Erythrocyte omega-‐6 fatty acid content was found to be negatively associated with

BMI among women (B=-‐0.09; SE=0.03; p-‐value<0.05).

The inverse association between percentage of kilocalories from animal food

and BMI is likely due to the overall low average intake of animal foods in general

(Mean=7.04; SD=6.89) versus overall plant food intake (Mean=93.0; SD=6.88).
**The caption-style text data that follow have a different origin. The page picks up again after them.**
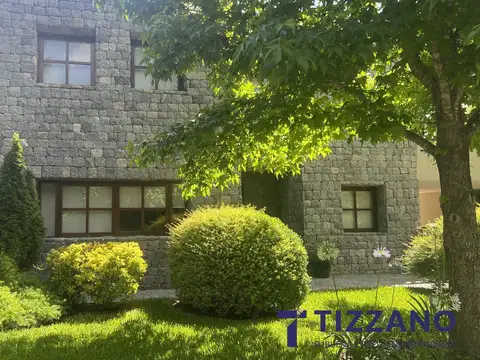 Casa en venta en Abril Club de Campo
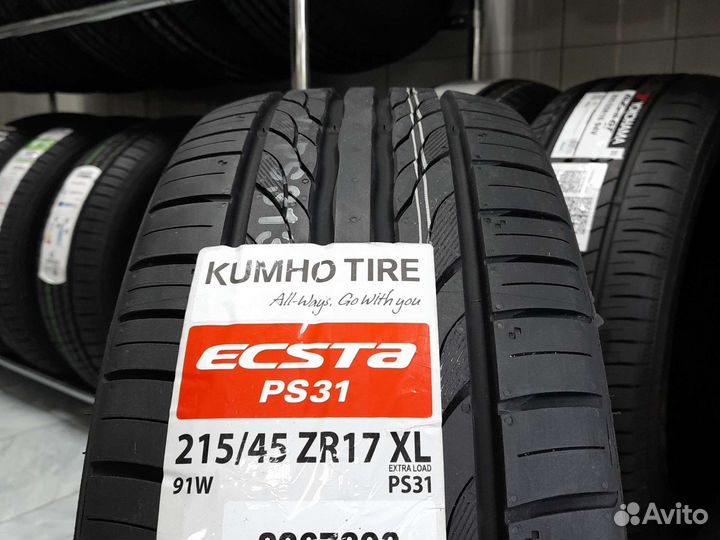 Kumho Ecsta PS31 215/45 R17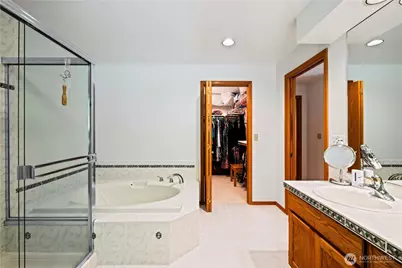 419 212th Avenue NE, Sammamish, WA 98074 - Photo 16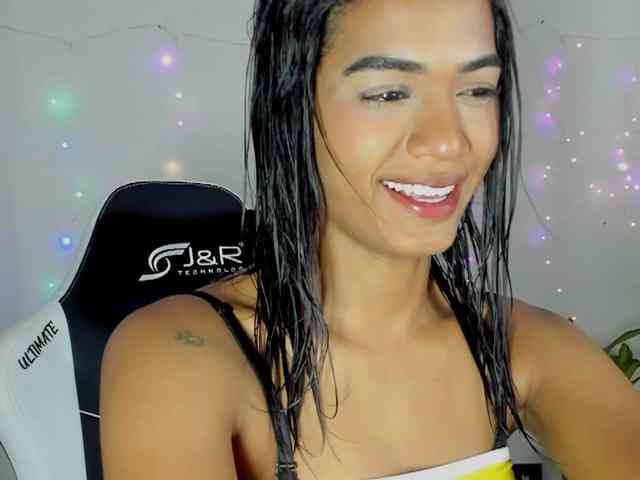 Barbiecollins webcam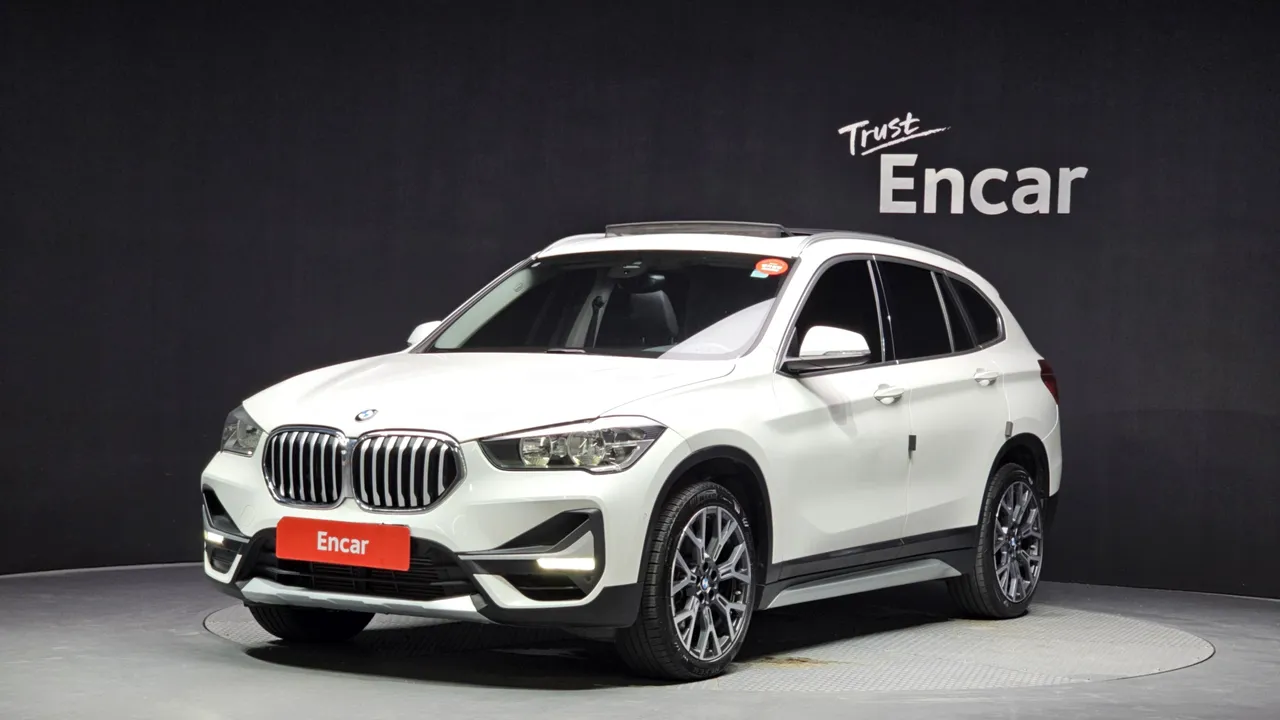 2022 BMW X1 xDrive 20i xLine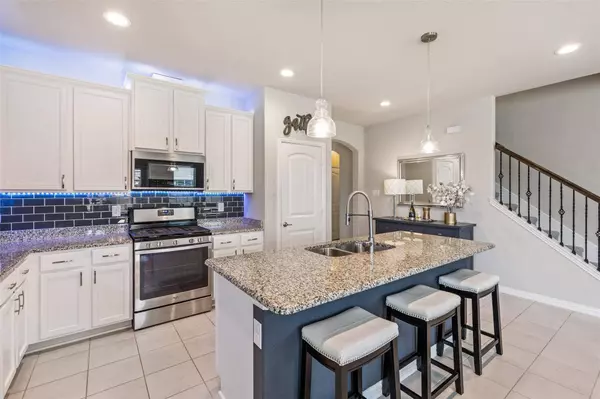 1836 Meadow Trail Lane, Aubrey, TX 76227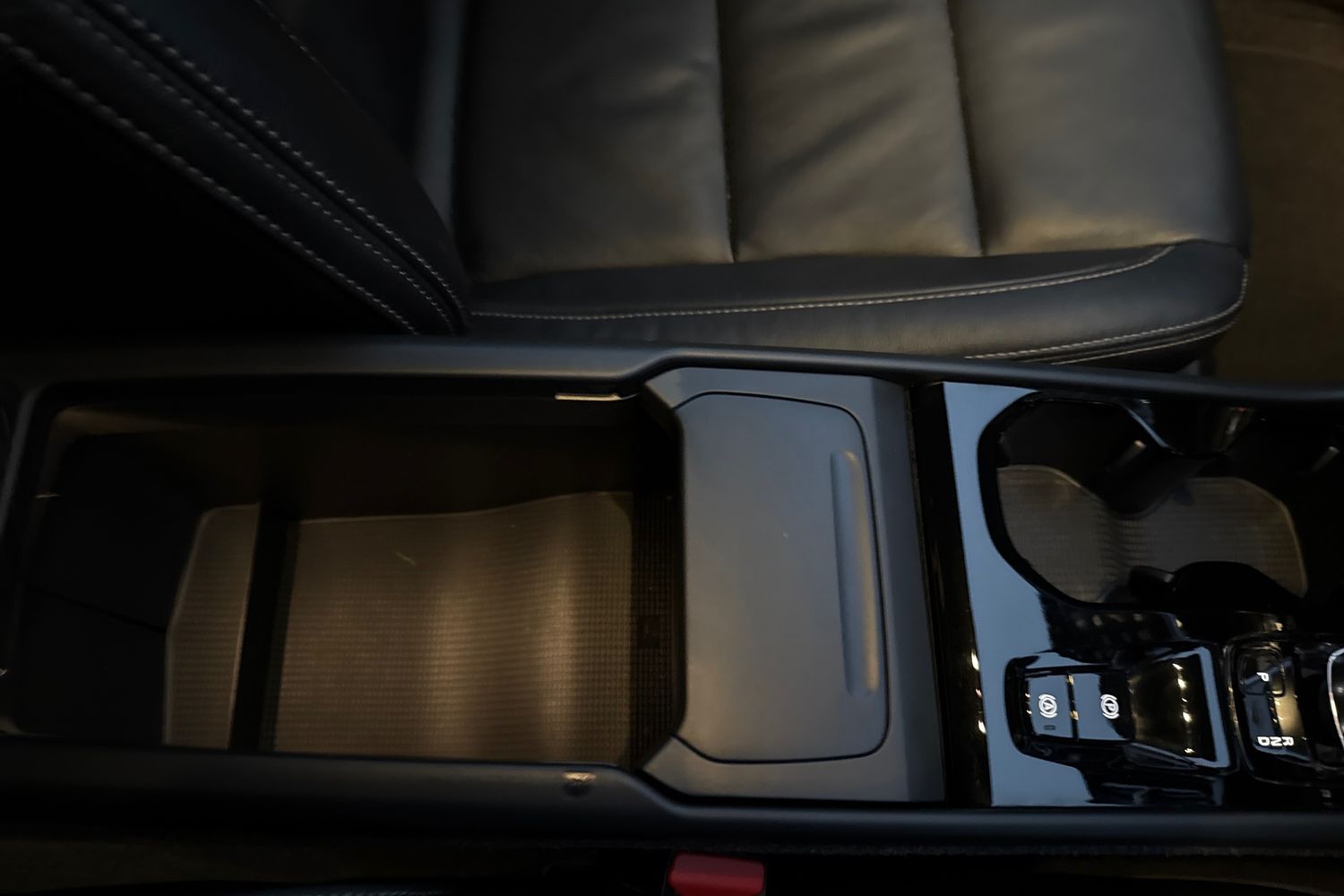 Used Volvo XC40 2021 for sale - 76827890: Photo 42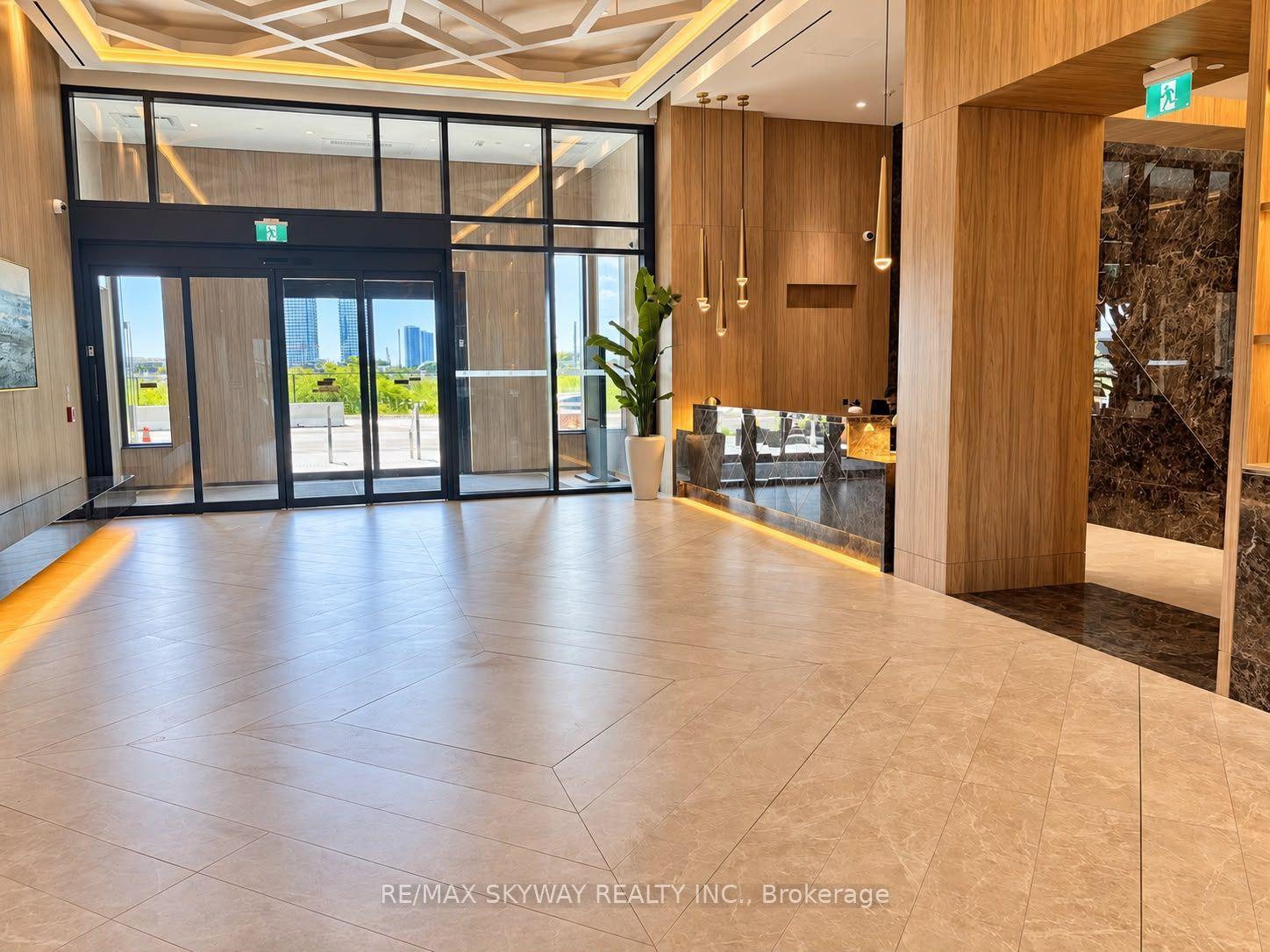 Photo 2 of Unit 903, 21 Meadowdale Road, Vaughan, Vaughan Corporate Centre — HOMEH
Nevertheless, the association was further adjusted for animal protein intake (to test

Dr. Campbell’s argument that protein, especially animal protein, is linked to chronic

diseases), however the inverse relationship was still maintained. Thus, the indictment

of animal foods as a risk factor for increasing weight gain is not justified based on

these analyses. However, it is important to keep in mind that the prevalence of

overweight, based on averages of each study area, is almost non-‐existent. The mean

BMI for both men (Mean=21.0; SD=1.0) and women (Mean=21.4; SD=1.1) fell into the

normal weight category based on WHO BMI classification. 5 Therefore, the

combination of lack of prevalence of overweight and obesity, as well as low animal

food consumption and a low sample size due to aggregate data makes it more difficult

to detect true associations. On the other hand, we observed protein consumption,

vegetable oil and vegetable fat consumption as having statistically significant positive

associations with BMI. In his book The China Study, Dr. Campbell claims that protein

and fat are implicated in weight gain, however in this case it appears plant foods and

vegetable fats are associated with weight gain. However, a limitation is that dietary

intakes were not adjusted for physical activity levels – a factor which would likely

alter the associations we observe.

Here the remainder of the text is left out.